De que forma usas a bicicleta no teu dia-a-dia?
Normalmente para dar passeios com a Teresa. Nem sempre usamos as ciclovias, depende das circunstâncias e das alternativas. Acho que nunca me senti insegura ao transportar a Teresa no meio do trânsito, sempre fui cuidadosa e o facto de também ter sido condutora de automóvel dá-me sabedoria para perceber qual a melhor maneira de me deslocar com segurança. Penso que quando os condutores vêem a cadeirinha na bicicleta têm cuidado e mais paciência; e, às vezes, até sorriem ao ver a Teresa, quando o trânsito está parado. Uso a bicicleta no metro quando temos de ir a sítios mais longínquos (ao fim-de-semana o acesso é livre e, depois das 20H00, nos dias úteis). A bicicleta é um ginásio do corpo, como é óbvio, mas também é do espírito. Ajuda-me a tomar consciência do meu próprio corpo que está em movimento no meio das circunstâncias da vida, a aperceber-me da riqueza do meio em que vivo, da sua grande diversidade e das pequenas delicadezas / pormenores que estão no caminho e que umas vezes o dificultam, noutras o enriquecem. Sempre que ando na bicicleta, aprendo mais qualquer coisa sobre a minha vida. É verdade que andar de bicicleta implica o risco acrescido de magoar o corpo numa queda ou num embate; mas o facto de ter isso consciente é também importante para aprender a lidar com os riscos que a vida de qualquer pessoa acarreta. Sei que existem, por isso também aprendo a melhor maneira de lidar com eles e de evitá-los na medida em que não me trazem benefício que os justifique. Por outro lado não é possível viver bem sem lidar com riscos e sem sabermos calcular ou reflectir as opções que tomamos tendo em conta o que investimos e o que poderemos beneficiar.

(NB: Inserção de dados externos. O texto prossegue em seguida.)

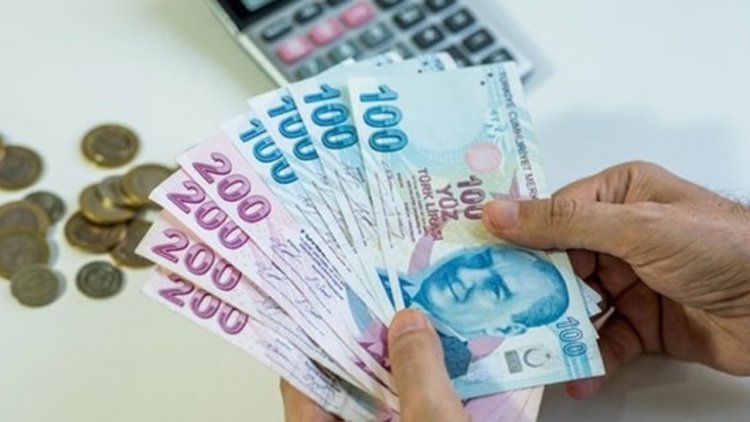 GÖZLER 14 AĞUSTOS'A ÇEVRİLDİ: 6,5 MİLYON KAMU ÇALIŞANLARINA ÜÇER AYLIK ZAM TALEBİ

Quando ando de bicicleta fora das vias reservadas, há muitas vezes a sensação que estou a mais no trânsito. Andamos a empatar os outros. E que os outros têm direito a andar muito depressa, têm mais direito a viajar muito depressa – à velocidade que querem e podem – do que o meu direito de viajar. Não critico que os outros possam querer determinar a velocidade que querem, mas eu não me sinto mal de andar no trânsito quando sei que quem quer andar depressa pode sempre ultrapassar-me (se não pudesse eu encostava e deixava passar). Não é por causa dos 100 metros de caminho que a minha bicicleta está a roubar de espaço que a pessoa automobilizada tem alguma coisa a ganhar com a agressividade que sente em querer que eu saia do caminho. Andamos no mundo querendo realmente viver juntos e aceitar as pessoas, ou andamos no mundo apenas a suportarmo-nos uns aos outros? Acho que está no olhar de cada um aquilo que escolhe sentir em relação àquilo que é incómodo. A bicicleta também é um meio de eu aprender alguma coisa em relação a isso. Eu também sou, muitas vezes, atropeladora dos outros. E quando “atropelei” alguém, assumi e resolvi a questão com o outro. Não fiquei eternamente a sentir a vergonha de falhar. Não vivamos com vergonha, vivamos com a ousadia de resolver e seguir em frente, cada um ao seu ritmo.